Five levels from full-precision `FP32` down to `Int4`, each carrying its
bits-per-parameter and memory-reduction factor.

### `ShardingPlan`

Describes how a model should be distributed across devices:

| Strategy | When used |
|---|---|
| `None` | Model fits on a single device |
| `TensorParallel` | TPU pod slices (ICI mesh) |
| `PipelineParallel` | Multiple GPUs or AI ASICs |
| `DataParallel` | Replicas for throughput |

### Training memory estimation

`estimate_training_memory()` returns a per-component breakdown (model,
optimizer, activations) for methods including full fine-tune, LoRA, QLoRA, DPO,
RLHF, and distillation.

## How detection works

All detection is best-effort and non-destructive:

1. **sysfs probing** -- reads `/sys/class/drm`, `/sys/class/misc`, etc.
2. **`/dev` introspection** -- checks for device nodes like `/dev/accel*`,
   `/dev/neuron*`, `/dev/qaic_*`.
3. **`$PATH` tool execution** -- runs `nvidia-smi`, `hl-smi`, `vulkaninfo`,
   `neuron-ls` when present, parses their output.

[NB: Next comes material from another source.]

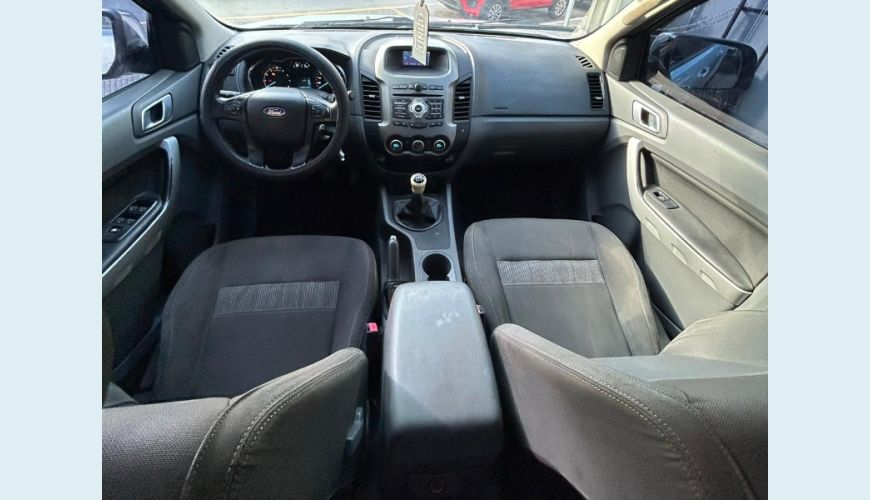 FORD RANGER XLT 2.5 16V 4X2 CD FLEX - CINZA - 2014 Foto 5 (Grande)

If a tool or sysfs path is absent the accelerator simply isn't registered --
no errors, no panics.

## Logging

The library uses [`tracing`](https://docs.rs/tracing) for all diagnostic output.
No logs are emitted unless the consuming application installs a tracing
subscriber. The CLI binary ships with `tracing-subscriber` and respects the
standard `RUST_LOG` environment variable:

```sh
RUST_LOG=ai_hwaccel=debug   # Library-level debug messages
RUST_LOG=trace               # Everything including dependency traces
```

## Minimum supported Rust version (MSRV)

**Rust 1.89** (edition 2024). Tracked in `rust-toolchain.toml`.

## Versioning

This crate uses **semantic versioning**. The `0.x` series is pre-1.0 and may
contain breaking changes between minor versions. The version is read from the
`VERSION` file at the repo root and kept in sync with `Cargo.toml` via
`scripts/version-bump.sh`.

## Documentation

| Document | Description |
|---|---|
| [Production guide](docs/guides/production.md) | Deployment, caching, security, containers, C FFI |
| [Testing guide](docs/guides/testing.md) | Running tests, hardware setup, CI matrix |
| [Framework integration](docs/guides/framework-integration.md) | candle, burn, tch-rs, ort examples |
| [Threat model](docs/development/threat-model.md) | Security boundaries and mitigations |
| [JSON schema](docs/schema.json) | Serialized registry format specification |
| [Architecture decisions](docs/decisions/) | ADRs for key design choices |
| [Roadmap](docs/development/roadmap.md) | Remaining work and future plans |
| [Contributing](CONTRIBUTING.md) | How to contribute |
| [Changelog](CHANGELOG.md) | Release history |

## Development

```sh
make check   # fmt + clippy + test (same as CI)
make audit   # cargo-audit (vulnerabilities)
make deny    # cargo-deny (licenses, advisories)
make vet     # cargo-vet (dependency audits)
make doc     # generate rustdoc
make build   # release build
```

## License

Licensed under the [GNU Affero General Public License v3.0](LICENSE).

See [LICENSE](LICENSE) for the full text.